Monday, August 5, 2013

Psalm Meditation 686
Twelfth Sunday of Ordinary Time
August 11, 2013

Psalm 51
1 Have mercy on me, O God, according to your steadfast love; according to your abundant mercy blot out my transgressions.
2 Wash me thoroughly from my iniquity, and cleanse me from my sin.
3 For I know my transgressions, and my sin is ever before me.
4 Against you, you alone, have I sinned, and done what is evil in your sight, so that you are justified in your sentence and blameless when you pass judgment.
5 Indeed, I was born guilty, a sinner when my mother conceived me.
6 You desire truth in the inward being; therefore teach me wisdom in my secret heart.
7 Purge me with hyssop, and I shall be clean; wash me, and I shall be whiter than snow.
8 Let me hear joy and gladness; let the bones that you have crushed rejoice.
9 Hide your face from my sins, and blot out all my iniquities.
10 Create in me a clean heart, O God, and put a new and right spirit within me.
11 Do not cast me away from your presence, and do not take your holy spirit from me.
12 Restore to me the joy of your salvation, and sustain in me a willing spirit.
13 Then I will teach transgressors your ways, and sinners will return to you.
14 Deliver me from bloodshed, O God, O God of my salvation, and my tongue will sing aloud of your deliverance.
15 O Lord, open my lips, and my mouth will declare your praise.
16 For you have no delight in sacrifice; if I were to give a burnt offering, you would not be pleased.
17 The sacrifice acceptable to God is a broken spirit; a broken and contrite heart, O God, you will not despise.
18 Do good to Zion in your good pleasure; rebuild the walls of Jerusalem,
19 then you will delight in right sacrifices, in burnt offerings and whole burnt offerings; then bulls will be offered on your altar.
(NRSV)

There is something wonderful about being clean and then putting on clean clothes or climbing into a bed with clean sheets. It is good to get into a vehicle when it is new or even to get in after it has been cleaned out and swept. Clean things are so excellent, it is amazing that anyone would fight so hard to keep from getting to that place. At some point in our lives most of us have fought someone’s urging that we get clean in some way; either our own bodies or some part of our surroundings.

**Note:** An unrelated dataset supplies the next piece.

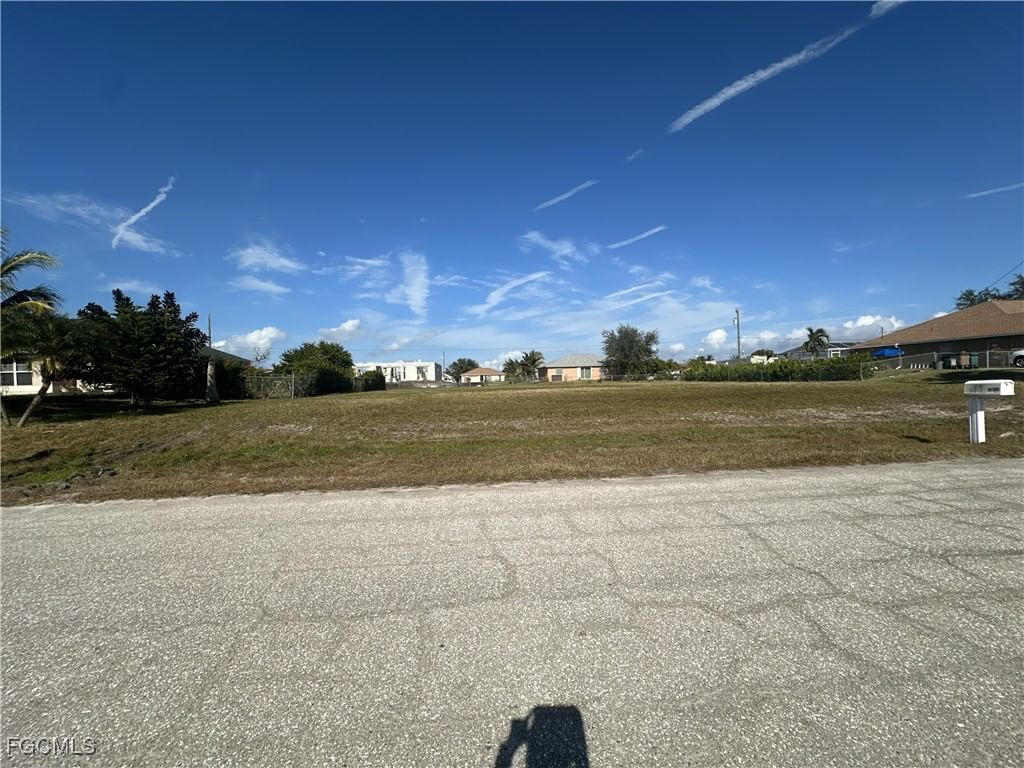 2701 NW 7th Terrace, Cape Coral, FL 33993 photo 2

If it is so wonderful to be clean, how do we let ourselves and our surroundings get in such a state? We convince ourselves that it is easier to let things slide than to clean up little at a time. Eventually, we either get used to things as they are or we step in to do the hard work of cleaning. We may even have to ask for help with the task The psalmist asks God for a thorough cleansing from sin and iniquity. A piece of paper here, a book there, a pile of mail in another corner and suddenly a desk is covered in ‘stuff’ that was important enough to save but not quite important enough to get done immediately. An unkind word here, a judgment there, a pile of looking down our noses at folks without knowing the whole story and suddenly we are covered in sin and iniquity. It all piles up and it becomes important to deal with all of these things before they overpower us.

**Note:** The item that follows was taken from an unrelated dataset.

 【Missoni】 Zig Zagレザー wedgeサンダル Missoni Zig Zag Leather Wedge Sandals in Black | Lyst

God is more than willing to help us restore right relationships with God and others (you are on your own to get your desk clean.) The psalmist reminds us that God is not nearly as interested in appearance and rituals, important as they are, as God is interested in our hearts. During a regular cleaning routine, or an I-can’t-take-this-anymore clean, take a moment also to see to identifying and clear out some of the sin and iniquity that is piling up inside. It may make the outside cleaning go a little more smoothly. It will certainly make for a lighter spirit in the presence of God and others.